Source data: Begin

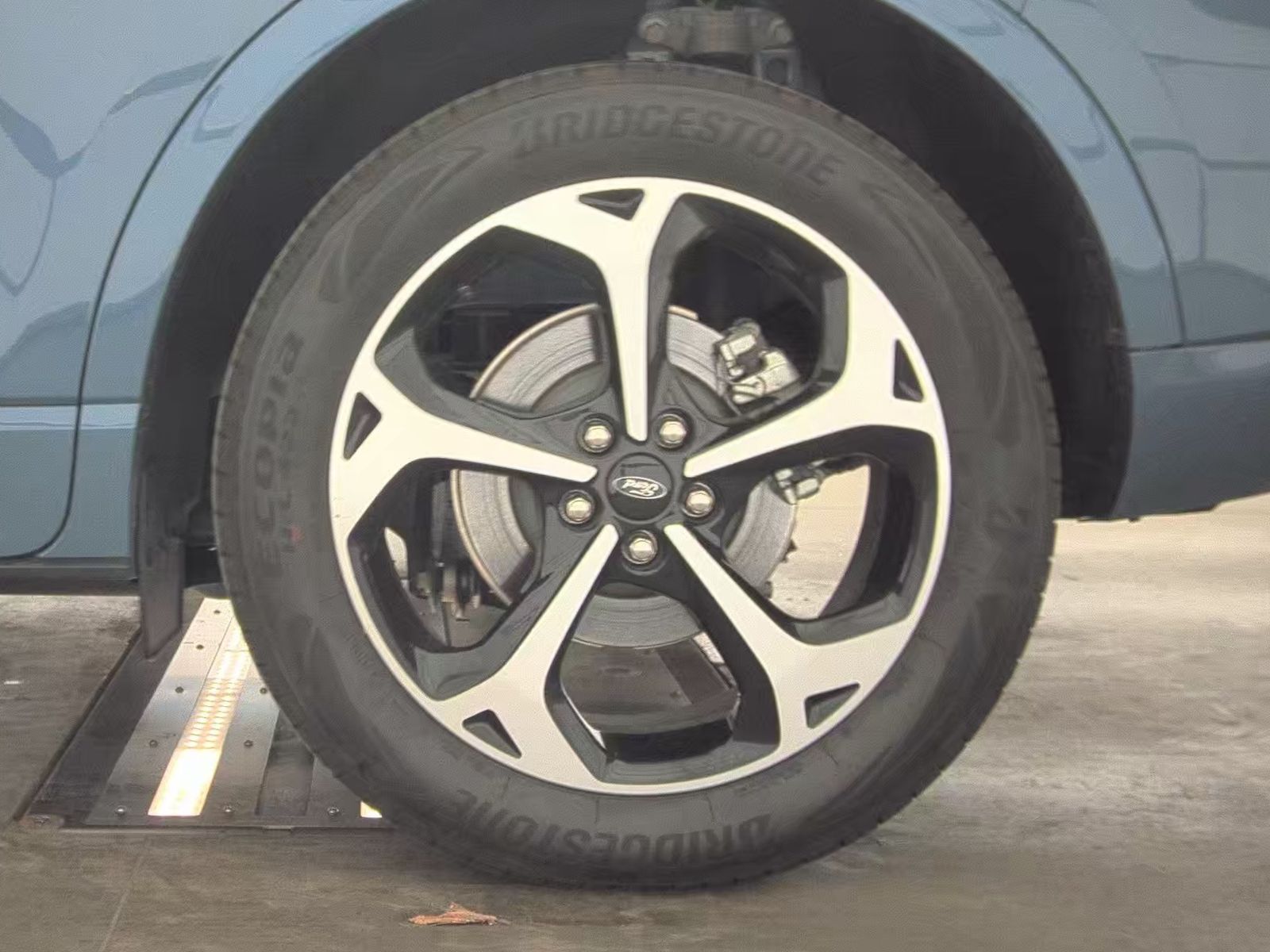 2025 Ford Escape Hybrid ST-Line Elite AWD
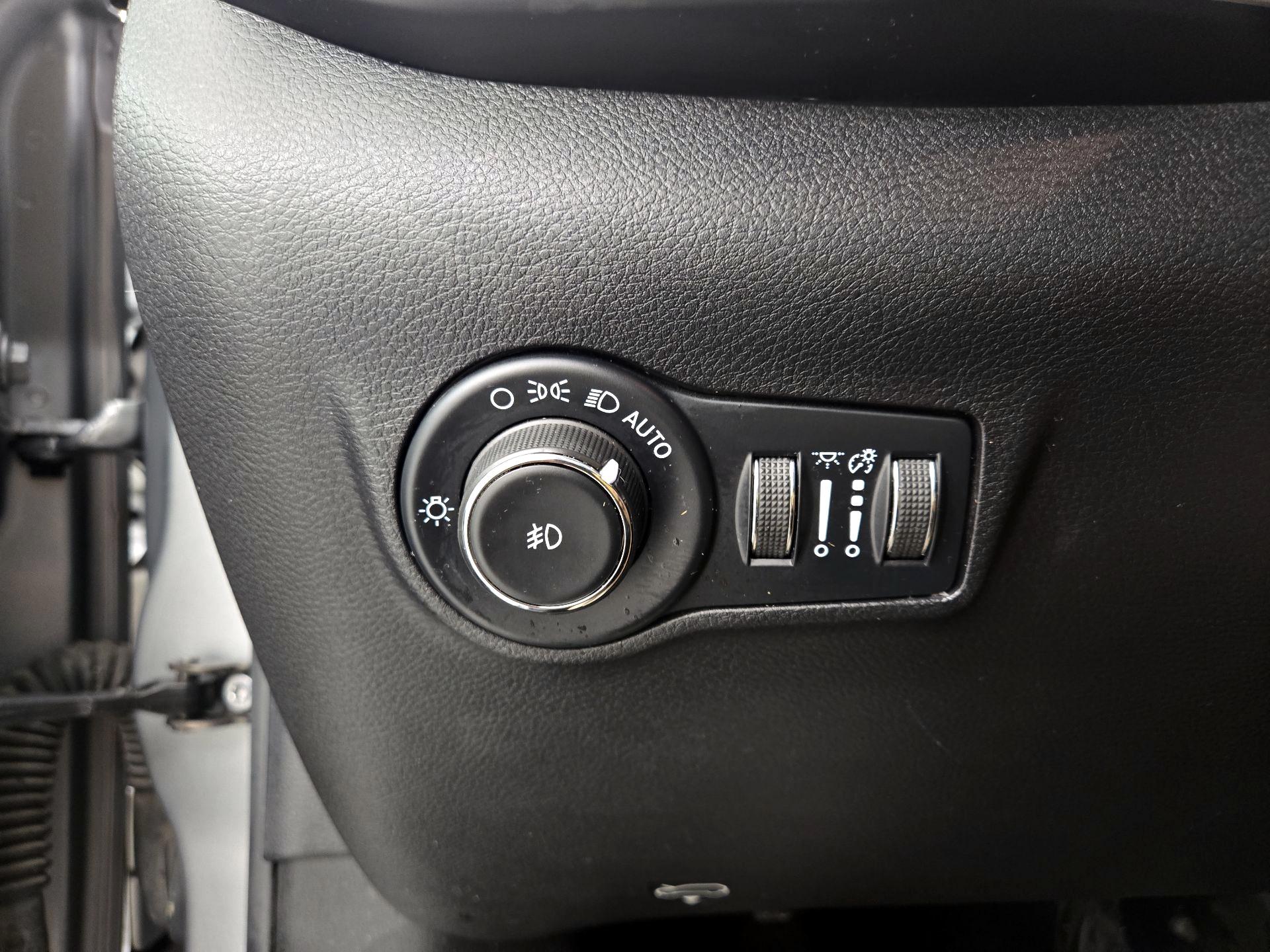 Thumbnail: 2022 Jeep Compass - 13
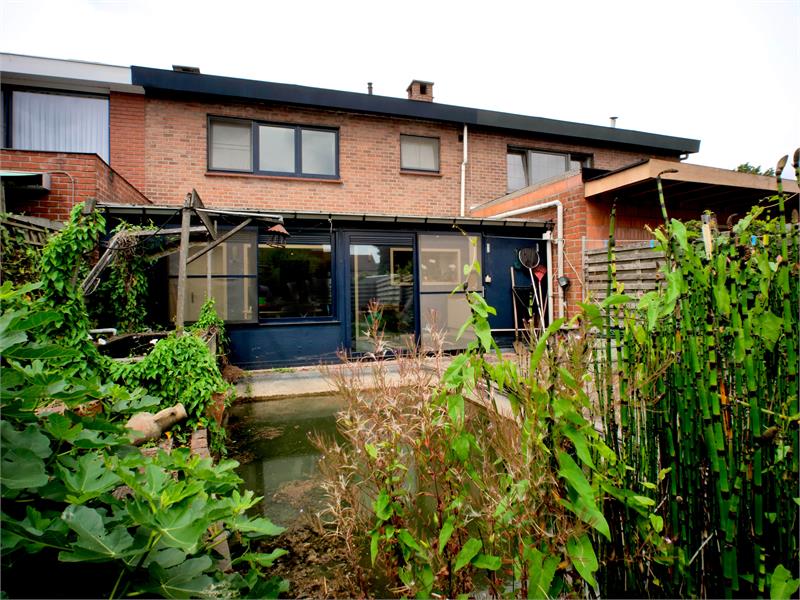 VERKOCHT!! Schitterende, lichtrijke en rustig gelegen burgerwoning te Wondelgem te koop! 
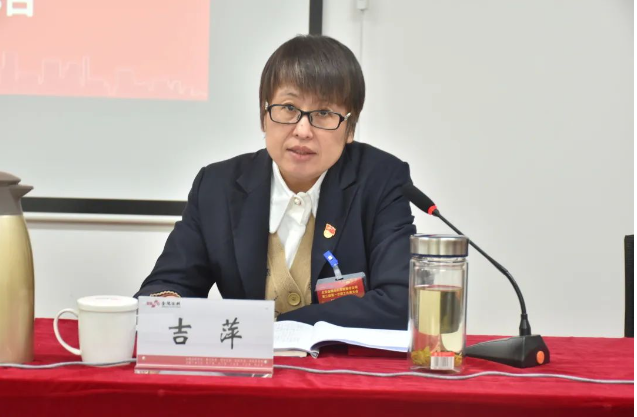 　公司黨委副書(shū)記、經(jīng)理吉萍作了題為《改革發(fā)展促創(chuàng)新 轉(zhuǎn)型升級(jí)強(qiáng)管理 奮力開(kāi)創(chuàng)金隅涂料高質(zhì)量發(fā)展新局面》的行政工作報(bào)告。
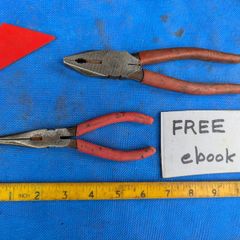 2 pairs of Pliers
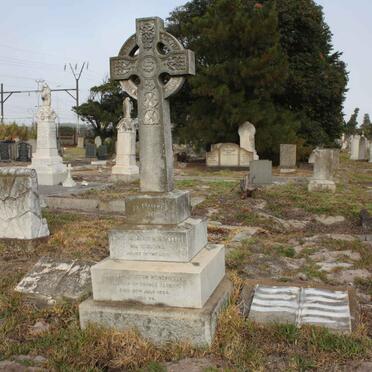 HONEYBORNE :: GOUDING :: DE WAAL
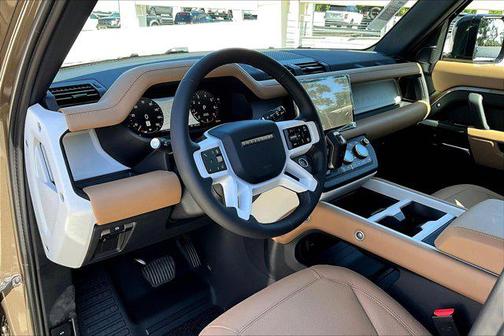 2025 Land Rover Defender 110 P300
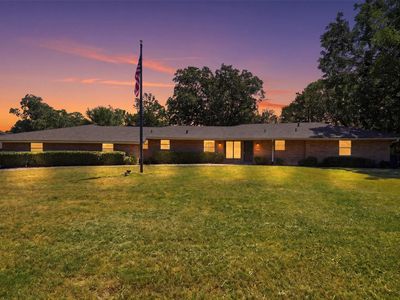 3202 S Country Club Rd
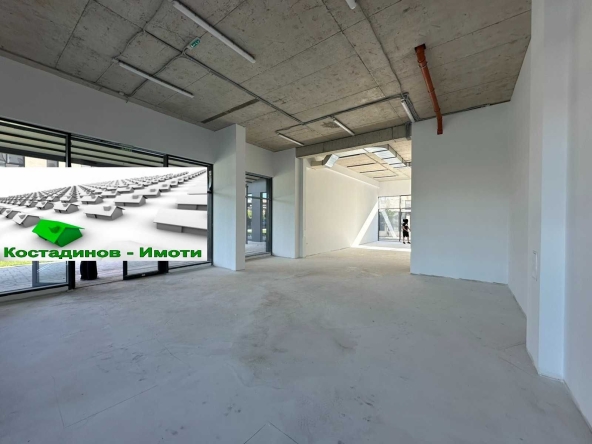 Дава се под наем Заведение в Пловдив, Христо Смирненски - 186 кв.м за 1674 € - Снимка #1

Source data: End

| Task to carry out |
Without the pictures, write out every entry precisely as it appears.

| Response box |
 2025 Ford Escape Hybrid ST-Line Elite AWD
 Thumbnail: 2022 Jeep Compass - 13
 VERKOCHT!! Schitterende, lichtrijke en rustig gelegen burgerwoning te Wondelgem te koop! 
 　公司黨委副書(shū)記、經(jīng)理吉萍作了題為《改革發(fā)展促創(chuàng)新 轉(zhuǎn)型升級(jí)強(qiáng)管理 奮力開(kāi)創(chuàng)金隅涂料高質(zhì)量發(fā)展新局面》的行政工作報(bào)告。
 2 pairs of Pliers
 HONEYBORNE :: GOUDING :: DE WAAL
 2025 Land Rover Defender 110 P300
 3202 S Country Club Rd
 Дава се под наем Заведение в Пловдив, Христо Смирненски - 186 кв.м за 1674 € - Снимка #1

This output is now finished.